Passwords Aren’t Proof
During a U.S. Senate committee hearing about the Colonial Pipeline attack in June, the company’s CEO told senators that the password belonging to the compromised account was “complicated,” but that the legacy VPN did not have MFA enabled.
This is the peril of password-based security. Even the most complicated passwords provide no protection if they are misused and measures to monitor access and require additional identity verification are nonexistent. When it comes to identity, passwords aren’t proof.
Cyberattacks continue to rely on credentials. In 2020, 61% of breaches involved credentials, according to the Verizon Data Breach Investigations Report—the most common attack vector by far.
These kinds of attacks can be malicious actors within an organization or passwords stolen through phishing attempts or data breaches. Close to six billion accounts had credentials compromised during data breaches in 2021, according to a report by Atlas VPN. But simple human error can also open your network for attacks, whether through coworkers emailing each other passwords for resources or old accounts that haven’t been properly offboarded.
This is why zero-trust methodology relies on identity—and continuous verification of identity—for network access. It comes down to three key questions:
- Who is the user?
- What does the user have access to?
- And what are they doing with that access?
Simplified Yet Stronger
Answering those questions begins with a unified user directory across all applications. This reduces the attack surface area, eliminating the multiple passwords needed to access applications, resources and data used by an organization. Instead, SSO grants access to everything a user needs to do their tasks, whether cloud-based applications or local network resources and MFA is used to verify that the user entering their password is who they say they are.
This approach is not only stronger security, but it simplifies user experiences. People are less likely to share passwords when they only need one. It also simplifies IT management as well, particularly the onboarding and offboarding of users.
When a new employee is onboarded, their user account is created and gives them day-one access to the basic tools of the job, like their email account. IT can then add that user to the appropriate working groups to enable access they need. When an employee leaves or a contractor’s work is completed, access can easily be revoked while maintaining the account for archival logging of important data and history.
To Trust is to Verify in a Zero-Trust Environment
Once a unified user directory with SSO and MFA is in place, IT management can enable one of the most powerful parts of zero-trust security—context- and risk-based policies. Unlike the perimeter-based protection of the past, zero-trust methodology doesn’t implicitly trust users once they’re inside the system. Instead, these policies can be used to trigger MFA to verify a user’s identity.
For example, it’s expected now that a bank website will trigger MFA, often in the form of a texted code, if someone is accessing an account from a new, unrecognized device. This is context-based policy, using a user’s purported identity in combination with additional information like device, time and geolocation to determine whether access can be granted.
Risk-based policies can then add an additional layer of security for resources deemed particularly sensitive by an organization. This can be financial information, data subject to regulations like HIPAA, or whatever an organization determines to need MFA to access every time.

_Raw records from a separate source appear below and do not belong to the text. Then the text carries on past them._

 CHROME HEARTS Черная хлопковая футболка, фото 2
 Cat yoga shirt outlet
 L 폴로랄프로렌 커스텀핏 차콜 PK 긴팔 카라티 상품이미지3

With the help of machine learning and AI, your access policies can be automated to adapt to changes in your business in real-time. The AI can enforce them, too, safely granting and denying access without human intervention, another way zero-trust can simplify IT management.
Finally, a zero-trust environment can ready an organization to implement passwordless authentication—the next phase of better security, which can use physical traits like fingerprints or behavioral traits like typing and touch screen dynamics, or possession factors like an authenticator app or hardware token.

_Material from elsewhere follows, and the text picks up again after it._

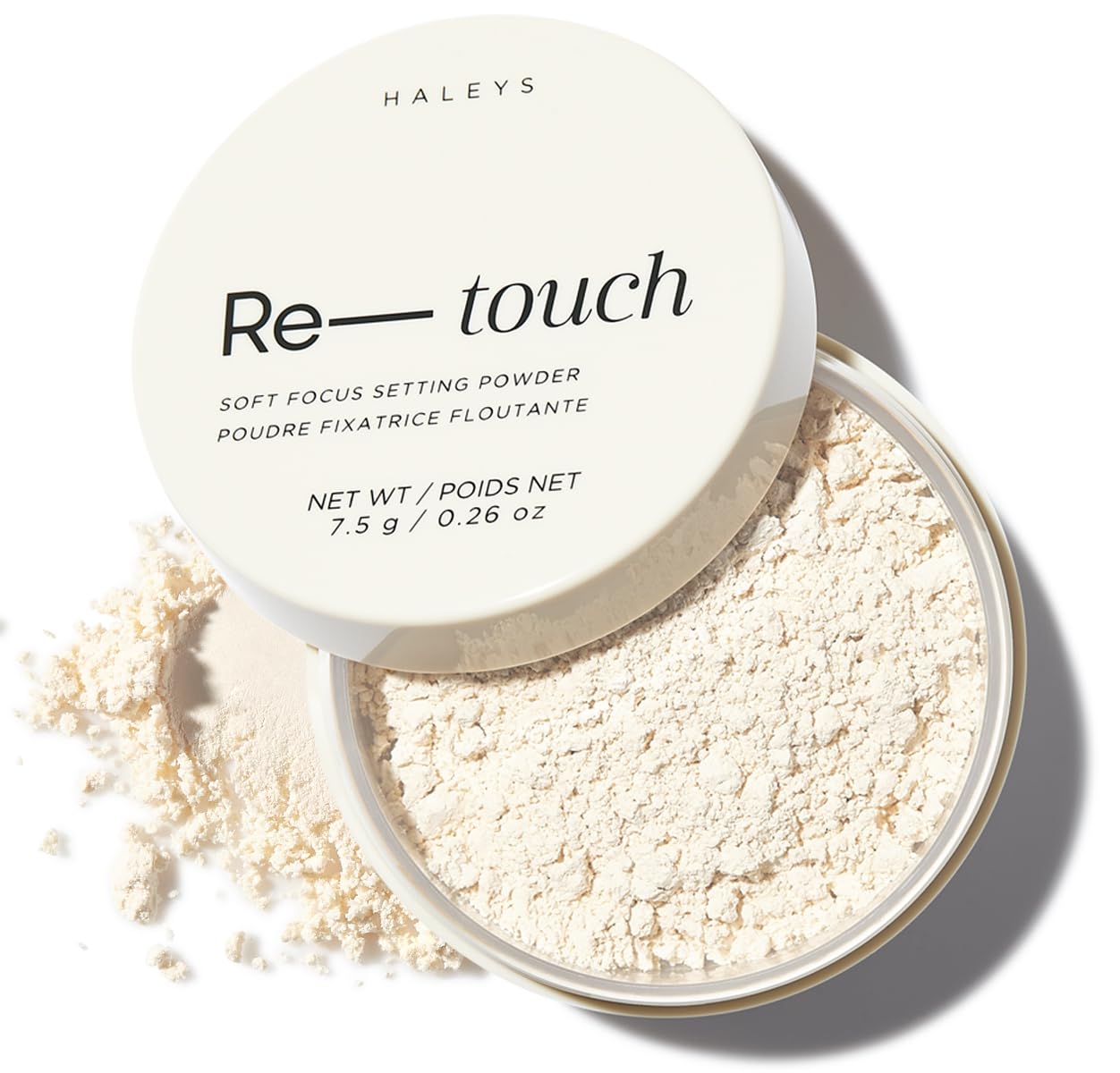 HALEYS Re-touch Soft Focus Setting Powder (Fair) - Ultra-Blurring, Lightweight, Non-Caking, Nourishes, Smoothens for Filter-Like Finish, Translucent Loose Powder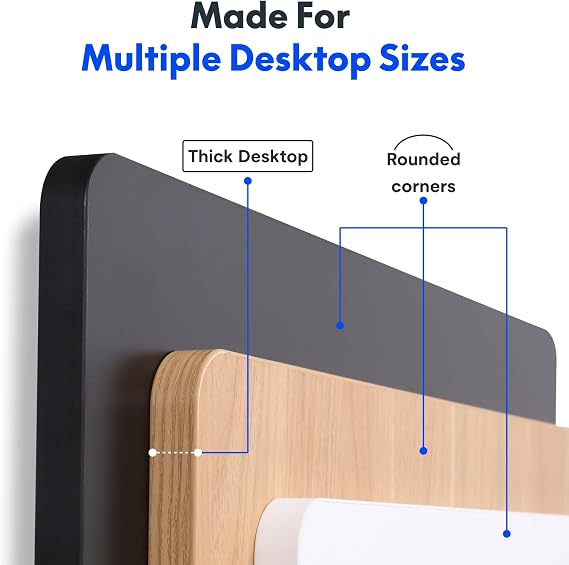 FLEXISPOT Electric Standing Desk ONE PIECE Height Adjustable Sit Stand Up Desk with Memory Smart Panel, Maple, 110x54cm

The Foundation of the Future of Security
Again, none of this is possible without identity access management in place. Context- and risk-based policies, multifactor authentication, single sign-on—none of this can be accomplished without first having a strong IAM system. For every organization looking to improve their security in a world where remote and hybrid work models are becoming the norm and asking where to begin, the foundation is identity.